(Recorded information):
====

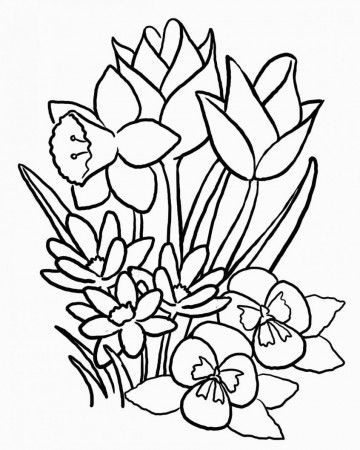 coloring ~ Simple Flower Coloring Pages To Print Freer Adults ...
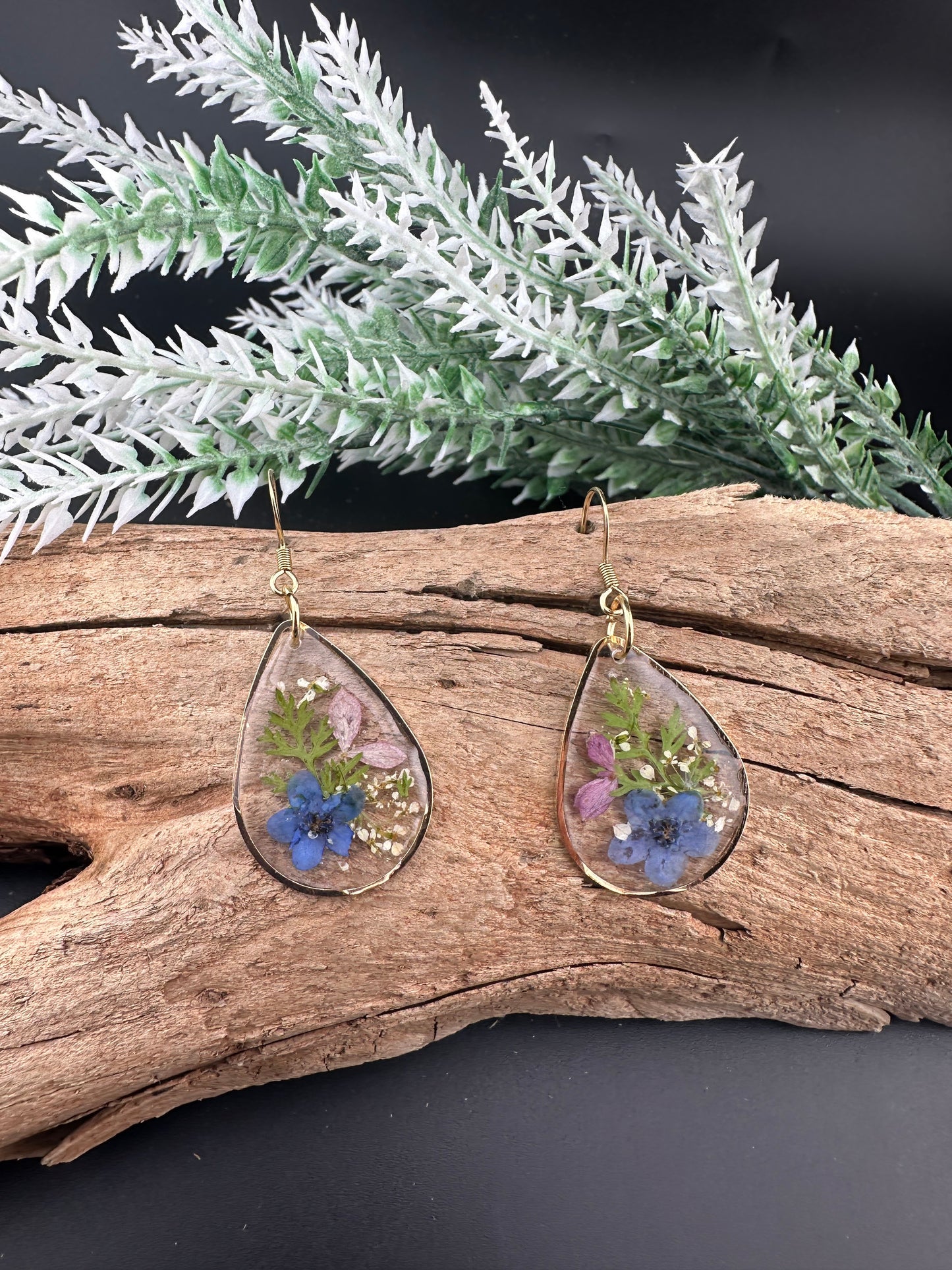 Garden Collection Teardrop Earrings with Forget-Me-Nots and Hydrangeas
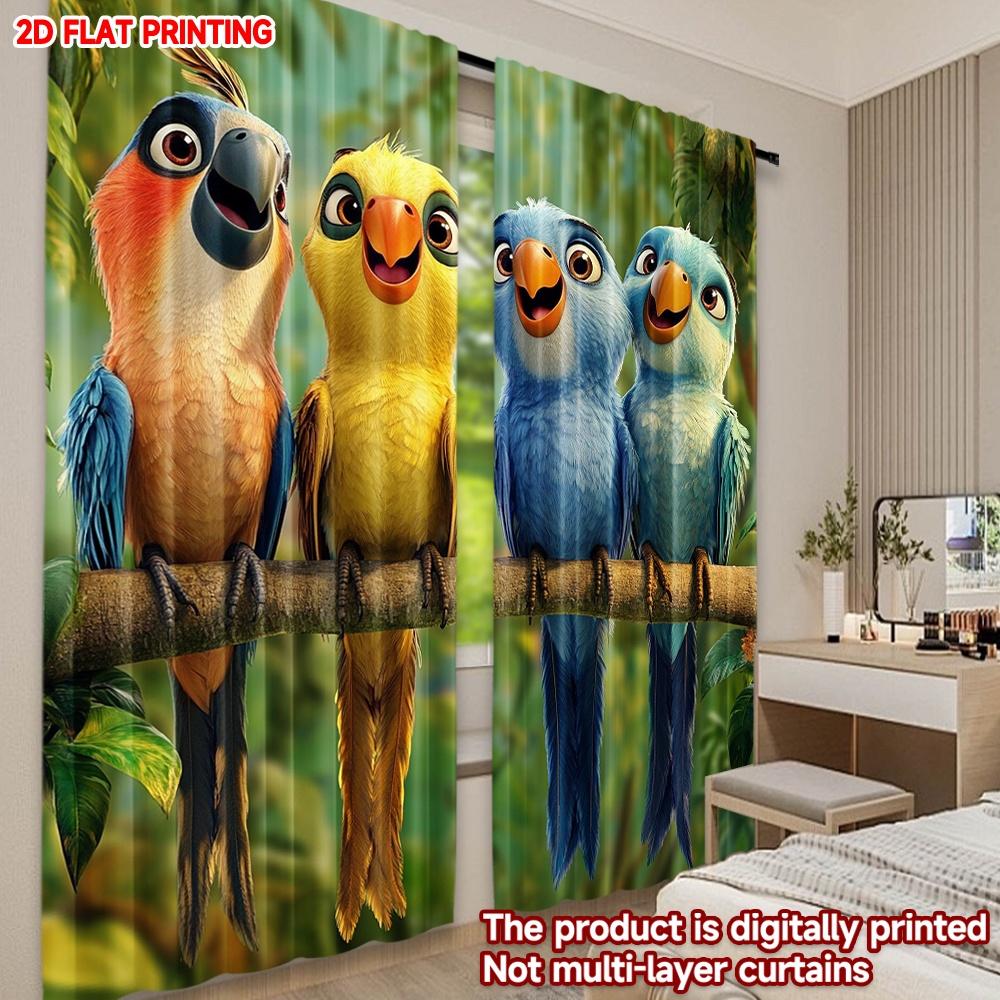 2D flat printing 2pcs Curtain Curtains Four Colorful Singing Parrots Digital Printed Polyester Drapes Birthday Party Perfect for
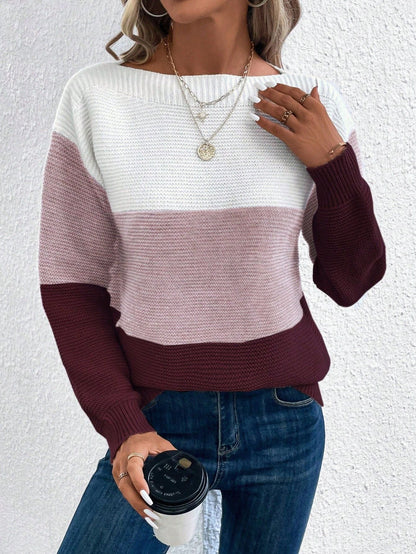 Winnie® | Monochrome Blockstreifen Strickpullover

====

(Prompt): Repeat the listing above word for word, omitting the pictures.

(Task output):
 coloring ~ Simple Flower Coloring Pages To Print Freer Adults ...
 Garden Collection Teardrop Earrings with Forget-Me-Nots and Hydrangeas
 2D flat printing 2pcs Curtain Curtains Four Colorful Singing Parrots Digital Printed Polyester Drapes Birthday Party Perfect for
 Winnie® | Monochrome Blockstreifen Strickpullover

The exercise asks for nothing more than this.